In the United States today there is even a cultural phenomenon known as “Iowa Nice” - the idea that people in the state of Iowa are generally friendly, agreeable, and trusting with each other and even with strangers. We take pride in being “Iowa Nice.”

As I grew up, however, and when I attended seminary, I began to read stories in the Bible and learn things about Jesus that seemed to contradict the idea of Jesus as just a really nice guy who wanted the rest of us to be nicer to each other. This week’s passage from the Gospel reading in Matthew is one of those stories.

How was I to reconcile my image of “Nice Jesus” with the Jesus who says, “Do not think that I have come to bring peace to the earth; I came not to bring peace but the sword.” How do I reconcile an idea of a Jesus who calls us to be nice to family and friends with the Jesus who says, “For I have come to set a man against his father, and a daughter against her mother, and a daughter-in-law against her mother-in-law; and one’s foes will be members of one’s own household.”

I don’t know about you, but to me, none of that sounds very nice.

I had to do some deconstruction of my faith, some decolonization of my previously held image of Jesus as a nice guy who just wants everyone to be nicer to each other. Because what Jesus brings, what Jesus wants from us, is so much more than that, it is so much deeper, and so much harder.

You see “nice” on the surface, can hide a lot of the not so nice going on underneath. While Iowa brags on one hand about being “Iowa Nice” and all the warm fuzziness that brings, on the other hand we elected to congress nine times a man named Steve King who is known throughout the country for his incredibly racist rhetoric and white nationalist affiliations.

For many of us “nice” has been used as a way to gloss over things we don’t want to confront or talk about. My culture growing up told me that it’s not “nice” to talk about things like politics, religion, or money. We should instead keep polite conversation to the mundane, the ordinary - the simple things that nice people talk about. But what a damaging way to live!

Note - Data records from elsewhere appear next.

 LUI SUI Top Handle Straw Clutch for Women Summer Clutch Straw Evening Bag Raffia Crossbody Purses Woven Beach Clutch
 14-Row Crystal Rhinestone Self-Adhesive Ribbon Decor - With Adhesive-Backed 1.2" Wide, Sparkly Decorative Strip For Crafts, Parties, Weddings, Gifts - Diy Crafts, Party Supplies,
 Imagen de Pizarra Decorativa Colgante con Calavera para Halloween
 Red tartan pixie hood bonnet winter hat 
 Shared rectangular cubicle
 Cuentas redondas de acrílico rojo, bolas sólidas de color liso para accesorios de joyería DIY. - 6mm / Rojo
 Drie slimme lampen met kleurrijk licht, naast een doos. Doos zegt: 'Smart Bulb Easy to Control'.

Not talking about politics leads to things like the election of a Steve King. Not talking about religion certainly goes against our great commission to share the Gospel of Jesus Christ with the world. And not talking about money has enabled society to keep pay disparities between men and women, between whites and minorities, so high in the workplace - if no one is talking about it maybe no one will notice and definitely no one will fight for change. After all, fighting isn’t very nice.

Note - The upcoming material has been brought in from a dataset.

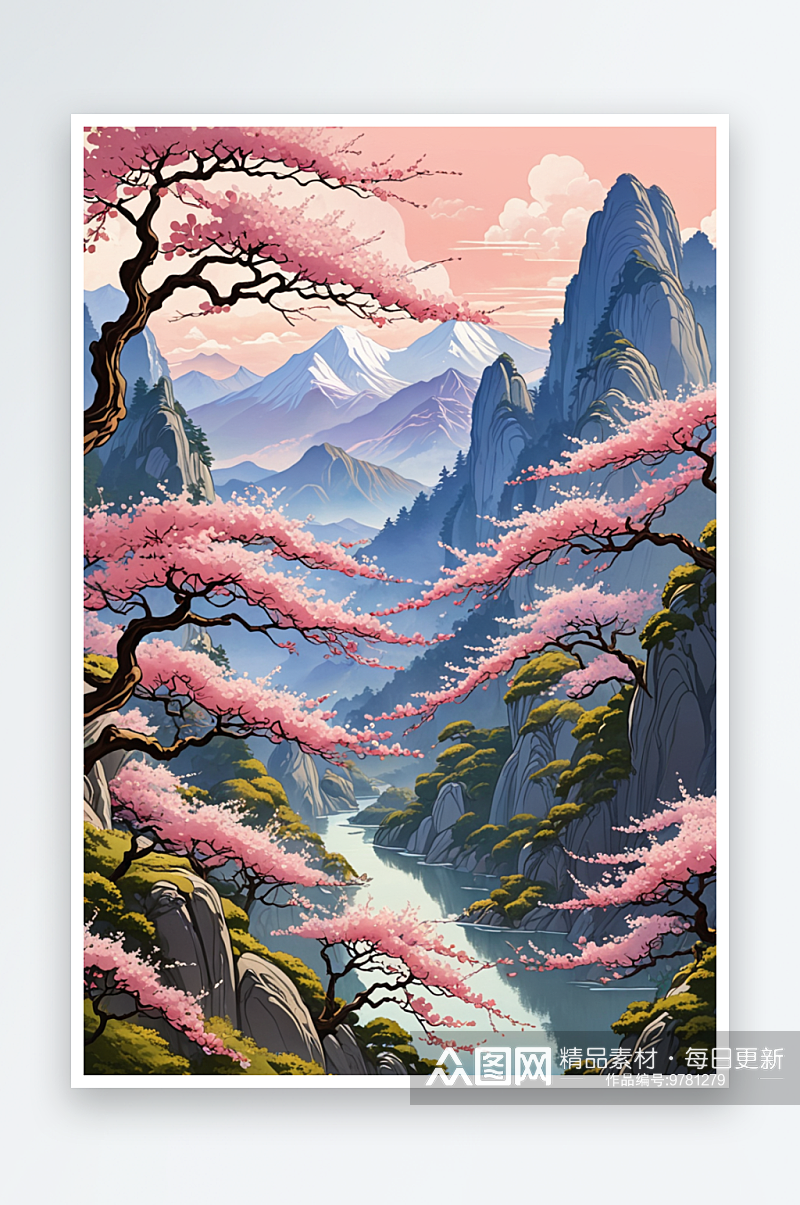 樱花山风景艺术图片素材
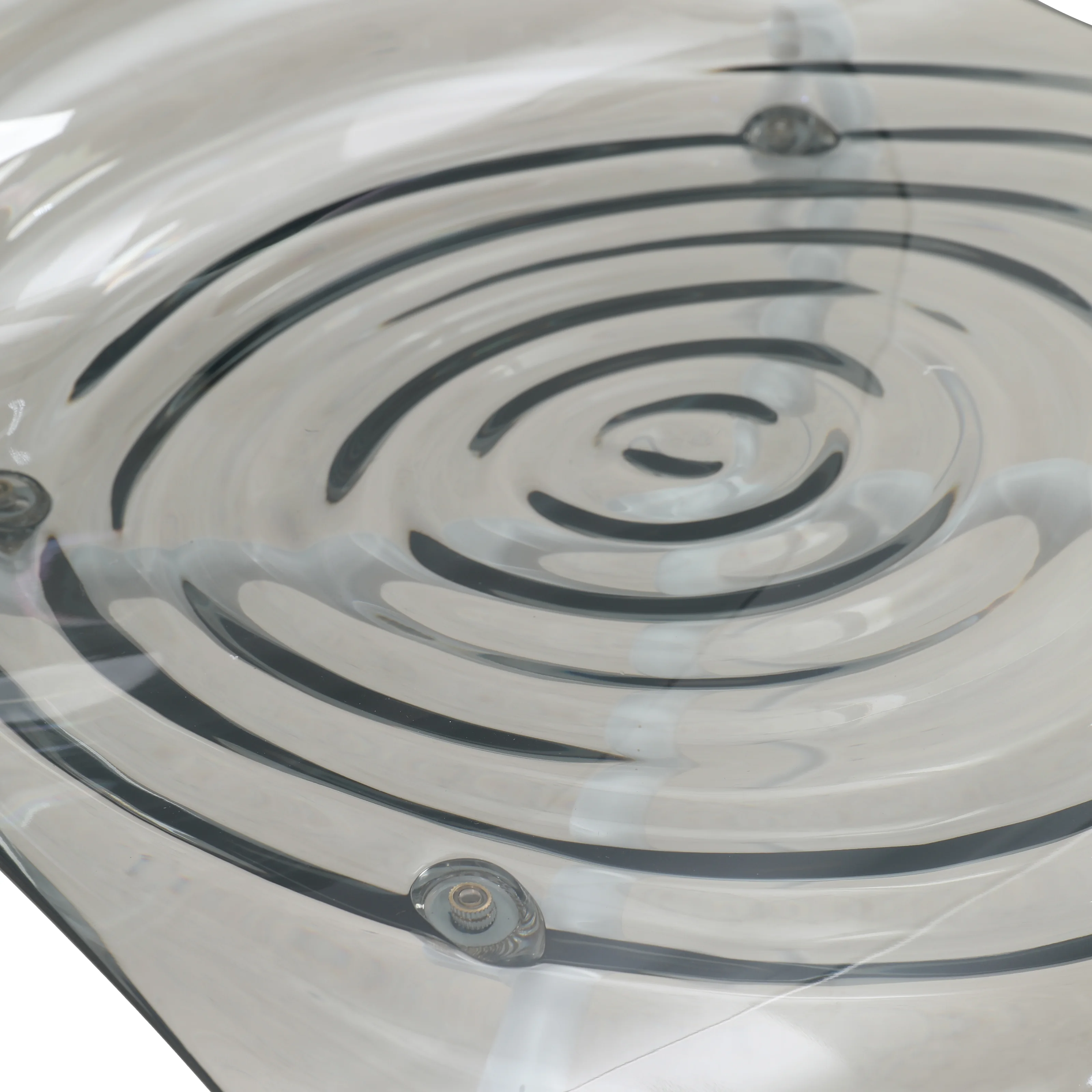 Astor Water Ripple Design Dining Chair in White Base Trans Black Seat Set of 2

It was ingrained in me for a long time that the only way to keep the peace was to be nice. And of course peacekeeping is something we should be about as Christians, right? Jesus himself said earlier in the Gospel of Matthew, in his Sermon on the Mount - “Blessed are the peacemakers, for they will be called children of God.” So we keep the peace by being nice and never confronting any real issues because confrontation isn’t very nice or peaceful.

But then Jesus comes along later and says, “I came not to bring peace, but the sword.” Well, which is it Jesus? Are we supposed to work for peace or not?

I think what it comes down to is this - what is our definition of peace?

Too often in our world today “peace” is on the same level as “nice” - peace is not ruffling feathers, not making people uncomfortable, not asking hard questions or expecting people to do hard things. African-American author Austin Channing Brown wrote this: “I believe firmly that to practice love is to disrupt the status quo which is masquerading as peace.”

What a beautiful way to restate what Jesus said - to practice love is to disrupt the status quo which is masquerading as peace.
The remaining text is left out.